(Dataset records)
== Segment start ==

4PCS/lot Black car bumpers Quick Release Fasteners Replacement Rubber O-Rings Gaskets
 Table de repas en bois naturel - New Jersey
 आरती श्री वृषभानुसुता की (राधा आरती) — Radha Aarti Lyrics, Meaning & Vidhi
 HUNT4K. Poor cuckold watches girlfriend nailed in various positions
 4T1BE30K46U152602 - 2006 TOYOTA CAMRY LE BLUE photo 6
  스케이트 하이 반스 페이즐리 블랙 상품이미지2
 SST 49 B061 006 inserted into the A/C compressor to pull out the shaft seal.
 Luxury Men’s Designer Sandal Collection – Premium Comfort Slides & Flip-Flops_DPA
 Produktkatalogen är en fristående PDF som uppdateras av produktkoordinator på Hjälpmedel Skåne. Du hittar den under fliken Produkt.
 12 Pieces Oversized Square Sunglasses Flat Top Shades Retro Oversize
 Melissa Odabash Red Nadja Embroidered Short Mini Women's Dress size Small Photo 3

== Segment end ==

Aim of the task = Every record should be repeated exactly; please leave none out.

Solution to this problem =
4PCS/lot Black car bumpers Quick Release Fasteners Replacement Rubber O-Rings Gaskets
 Table de repas en bois naturel - New Jersey
 आरती श्री वृषभानुसुता की (राधा आरती) — Radha Aarti Lyrics, Meaning & Vidhi
 HUNT4K. Poor cuckold watches girlfriend nailed in various positions
 4T1BE30K46U152602 - 2006 TOYOTA CAMRY LE BLUE photo 6
  스케이트 하이 반스 페이즐리 블랙 상품이미지2
 SST 49 B061 006 inserted into the A/C compressor to pull out the shaft seal.
 Luxury Men’s Designer Sandal Collection – Premium Comfort Slides & Flip-Flops_DPA
 Produktkatalogen är en fristående PDF som uppdateras av produktkoordinator på Hjälpmedel Skåne. Du hittar den under fliken Produkt.
 12 Pieces Oversized Square Sunglasses Flat Top Shades Retro Oversize
 Melissa Odabash Red Nadja Embroidered Short Mini Women's Dress size Small Photo 3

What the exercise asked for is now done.